▶ Problem statement
In the records below, find the line containing "Gallery image for". Output it and every line after it to the end, unchanged, with no pictures.

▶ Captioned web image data
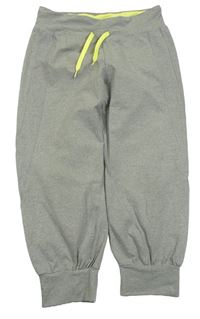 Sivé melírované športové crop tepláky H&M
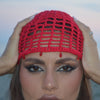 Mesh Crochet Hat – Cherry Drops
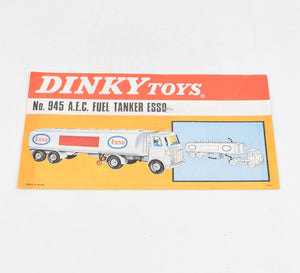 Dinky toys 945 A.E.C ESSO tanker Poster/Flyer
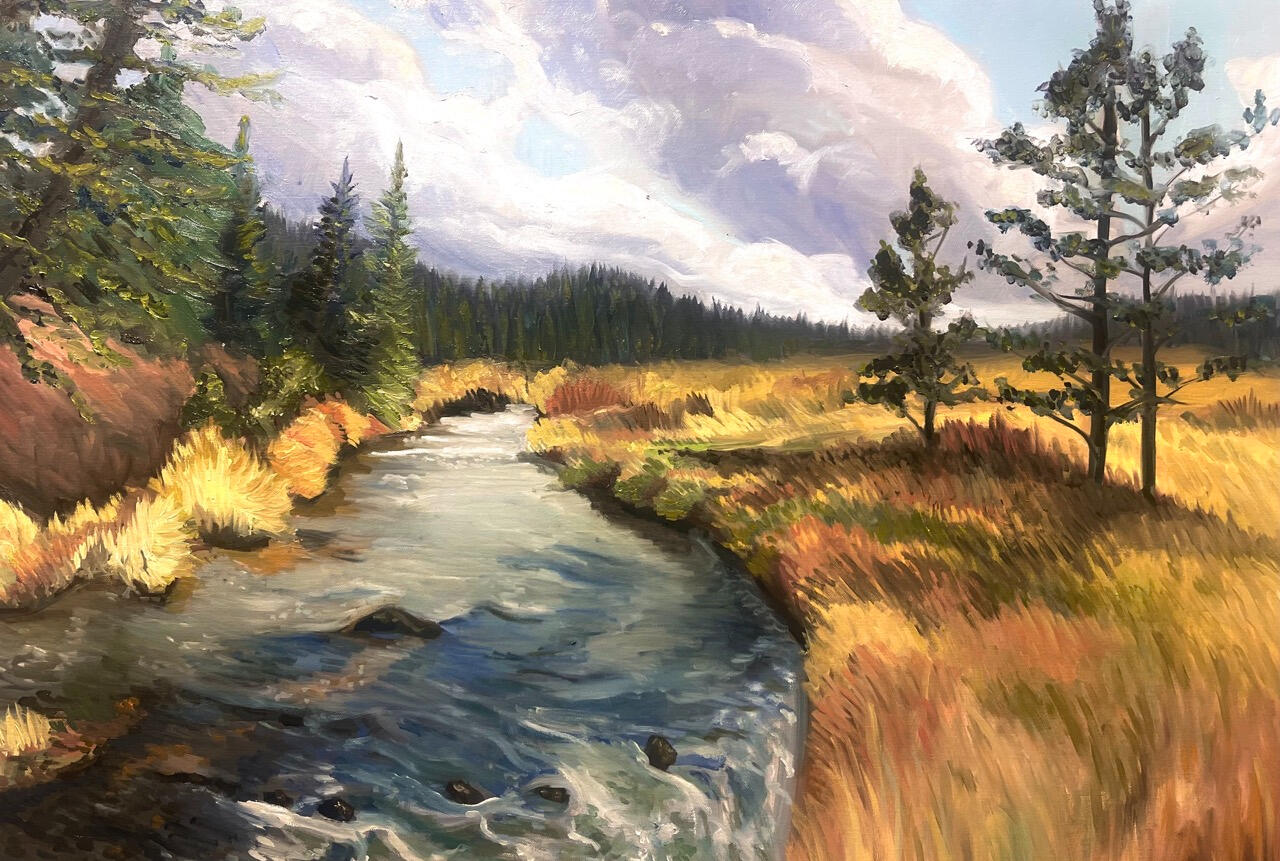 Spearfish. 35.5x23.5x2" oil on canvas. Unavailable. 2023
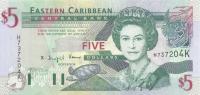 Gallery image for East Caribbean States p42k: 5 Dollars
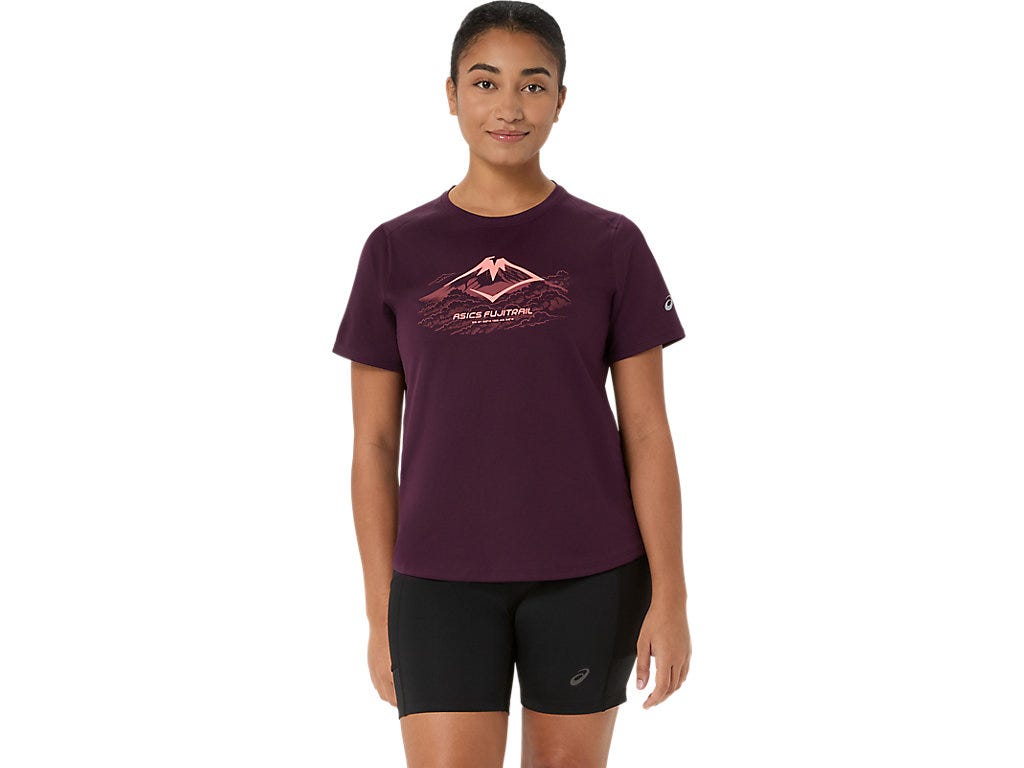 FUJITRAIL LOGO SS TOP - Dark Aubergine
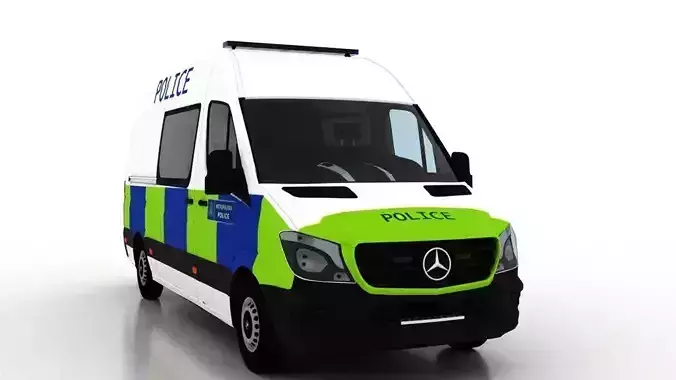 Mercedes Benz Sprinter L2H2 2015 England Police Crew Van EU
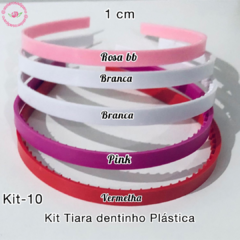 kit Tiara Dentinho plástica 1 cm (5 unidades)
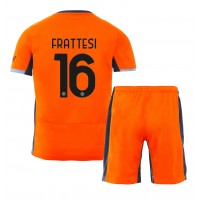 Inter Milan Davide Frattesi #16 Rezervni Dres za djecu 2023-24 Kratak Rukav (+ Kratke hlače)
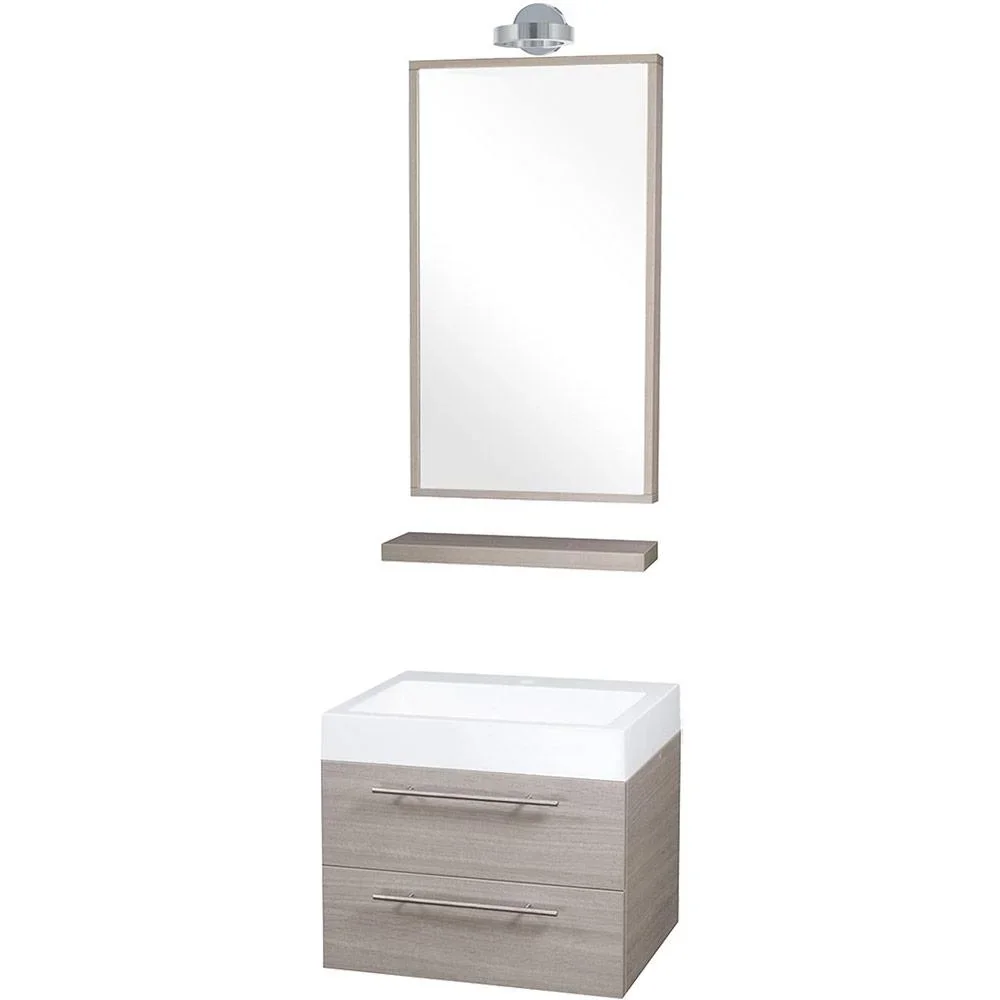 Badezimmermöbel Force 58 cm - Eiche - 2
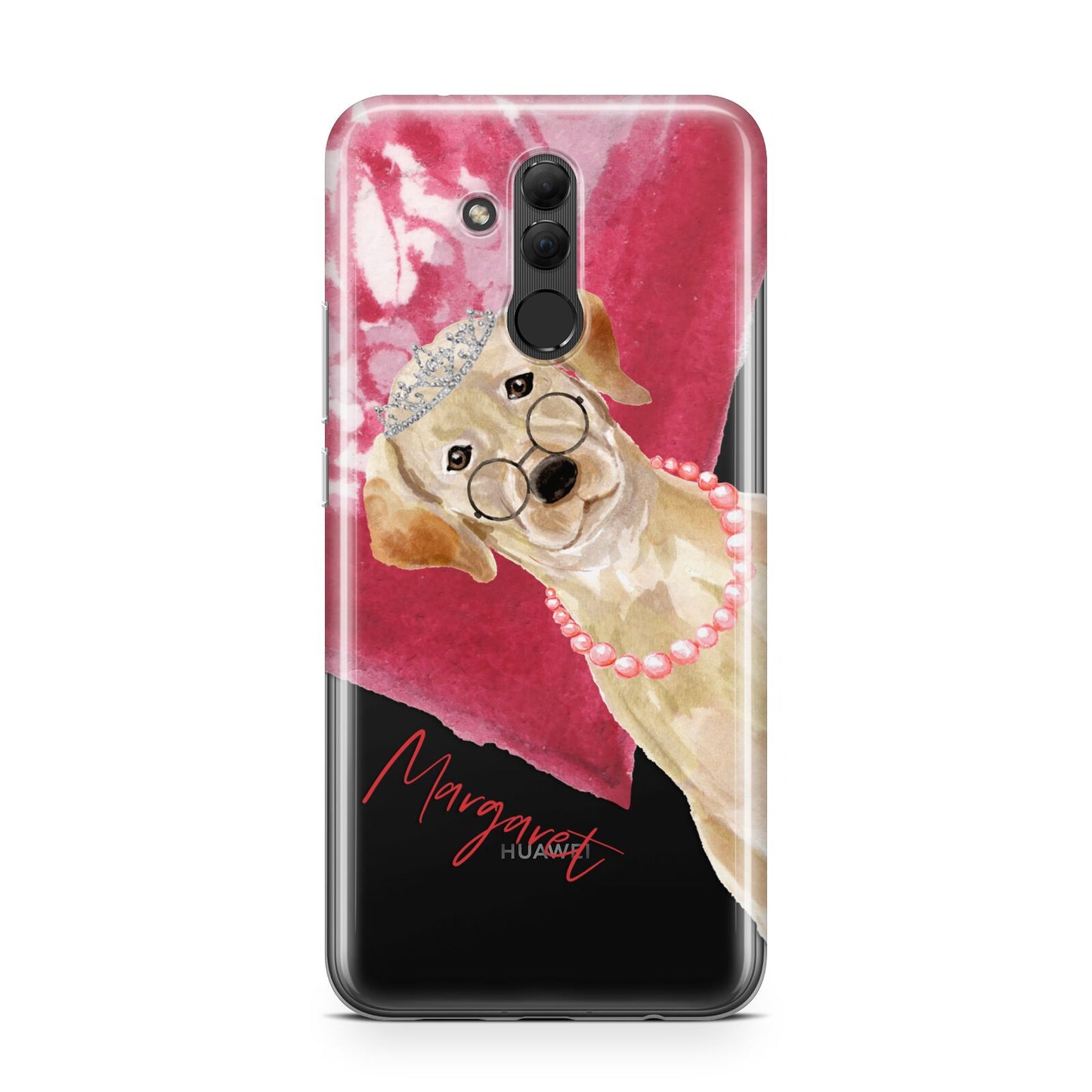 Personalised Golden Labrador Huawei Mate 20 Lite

▶ Exercise solution
 Gallery image for East Caribbean States p42k: 5 Dollars
 FUJITRAIL LOGO SS TOP - Dark Aubergine
 Mercedes Benz Sprinter L2H2 2015 England Police Crew Van EU
 kit Tiara Dentinho plástica 1 cm (5 unidades)
 Inter Milan Davide Frattesi #16 Rezervni Dres za djecu 2023-24 Kratak Rukav (+ Kratke hlače)
 Badezimmermöbel Force 58 cm - Eiche - 2
 Personalised Golden Labrador Huawei Mate 20 Lite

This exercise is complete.